Items listed in a dataset:
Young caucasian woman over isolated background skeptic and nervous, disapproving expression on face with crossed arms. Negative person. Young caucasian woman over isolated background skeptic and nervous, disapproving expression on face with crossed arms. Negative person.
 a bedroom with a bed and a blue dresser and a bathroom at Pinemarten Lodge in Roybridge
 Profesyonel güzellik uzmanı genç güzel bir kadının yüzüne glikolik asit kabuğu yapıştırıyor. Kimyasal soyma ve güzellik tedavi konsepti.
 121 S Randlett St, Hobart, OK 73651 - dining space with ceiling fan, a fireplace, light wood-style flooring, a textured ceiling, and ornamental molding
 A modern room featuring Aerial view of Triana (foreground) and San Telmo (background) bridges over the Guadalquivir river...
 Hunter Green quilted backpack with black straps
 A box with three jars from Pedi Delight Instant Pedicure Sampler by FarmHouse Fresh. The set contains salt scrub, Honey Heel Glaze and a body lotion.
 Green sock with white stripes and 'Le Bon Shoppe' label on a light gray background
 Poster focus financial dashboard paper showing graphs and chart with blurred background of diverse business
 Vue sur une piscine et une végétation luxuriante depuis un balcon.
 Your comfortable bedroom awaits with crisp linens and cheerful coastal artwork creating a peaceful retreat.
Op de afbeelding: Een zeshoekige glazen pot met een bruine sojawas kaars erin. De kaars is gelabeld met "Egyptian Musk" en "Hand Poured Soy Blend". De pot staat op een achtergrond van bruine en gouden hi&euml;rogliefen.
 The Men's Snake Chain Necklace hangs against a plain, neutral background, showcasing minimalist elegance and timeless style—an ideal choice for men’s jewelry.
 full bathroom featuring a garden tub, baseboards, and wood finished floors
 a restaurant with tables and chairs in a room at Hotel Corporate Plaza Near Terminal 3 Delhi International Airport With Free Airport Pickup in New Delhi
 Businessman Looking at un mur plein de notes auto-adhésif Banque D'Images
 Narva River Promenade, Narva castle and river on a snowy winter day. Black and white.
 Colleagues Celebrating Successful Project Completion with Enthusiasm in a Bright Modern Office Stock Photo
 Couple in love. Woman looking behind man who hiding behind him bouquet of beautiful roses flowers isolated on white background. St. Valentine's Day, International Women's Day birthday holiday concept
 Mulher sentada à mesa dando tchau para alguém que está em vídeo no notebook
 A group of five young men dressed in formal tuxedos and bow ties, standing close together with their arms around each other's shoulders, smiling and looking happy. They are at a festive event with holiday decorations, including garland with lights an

• Problem description: Write out every line of the data again, exactly as it reads.

• Output for this task:
Young caucasian woman over isolated background skeptic and nervous, disapproving expression on face with crossed arms. Negative person. Young caucasian woman over isolated background skeptic and nervous, disapproving expression on face with crossed arms. Negative person.
 a bedroom with a bed and a blue dresser and a bathroom at Pinemarten Lodge in Roybridge
 Profesyonel güzellik uzmanı genç güzel bir kadının yüzüne glikolik asit kabuğu yapıştırıyor. Kimyasal soyma ve güzellik tedavi konsepti.
 121 S Randlett St, Hobart, OK 73651 - dining space with ceiling fan, a fireplace, light wood-style flooring, a textured ceiling, and ornamental molding
 A modern room featuring Aerial view of Triana (foreground) and San Telmo (background) bridges over the Guadalquivir river...
 Hunter Green quilted backpack with black straps
 A box with three jars from Pedi Delight Instant Pedicure Sampler by FarmHouse Fresh. The set contains salt scrub, Honey Heel Glaze and a body lotion.
 Green sock with white stripes and 'Le Bon Shoppe' label on a light gray background
 Poster focus financial dashboard paper showing graphs and chart with blurred background of diverse business
 Vue sur une piscine et une végétation luxuriante depuis un balcon.
 Your comfortable bedroom awaits with crisp linens and cheerful coastal artwork creating a peaceful retreat.
Op de afbeelding: Een zeshoekige glazen pot met een bruine sojawas kaars erin. De kaars is gelabeld met "Egyptian Musk" en "Hand Poured Soy Blend". De pot staat op een achtergrond van bruine en gouden hi&euml;rogliefen.
 The Men's Snake Chain Necklace hangs against a plain, neutral background, showcasing minimalist elegance and timeless style—an ideal choice for men’s jewelry.
 full bathroom featuring a garden tub, baseboards, and wood finished floors
 a restaurant with tables and chairs in a room at Hotel Corporate Plaza Near Terminal 3 Delhi International Airport With Free Airport Pickup in New Delhi
 Businessman Looking at un mur plein de notes auto-adhésif Banque D'Images
 Narva River Promenade, Narva castle and river on a snowy winter day. Black and white.
 Colleagues Celebrating Successful Project Completion with Enthusiasm in a Bright Modern Office Stock Photo
 Couple in love. Woman looking behind man who hiding behind him bouquet of beautiful roses flowers isolated on white background. St. Valentine's Day, International Women's Day birthday holiday concept
 Mulher sentada à mesa dando tchau para alguém que está em vídeo no notebook
 A group of five young men dressed in formal tuxedos and bow ties, standing close together with their arms around each other's shoulders, smiling and looking happy. They are at a festive event with holiday decorations, including garland with lights an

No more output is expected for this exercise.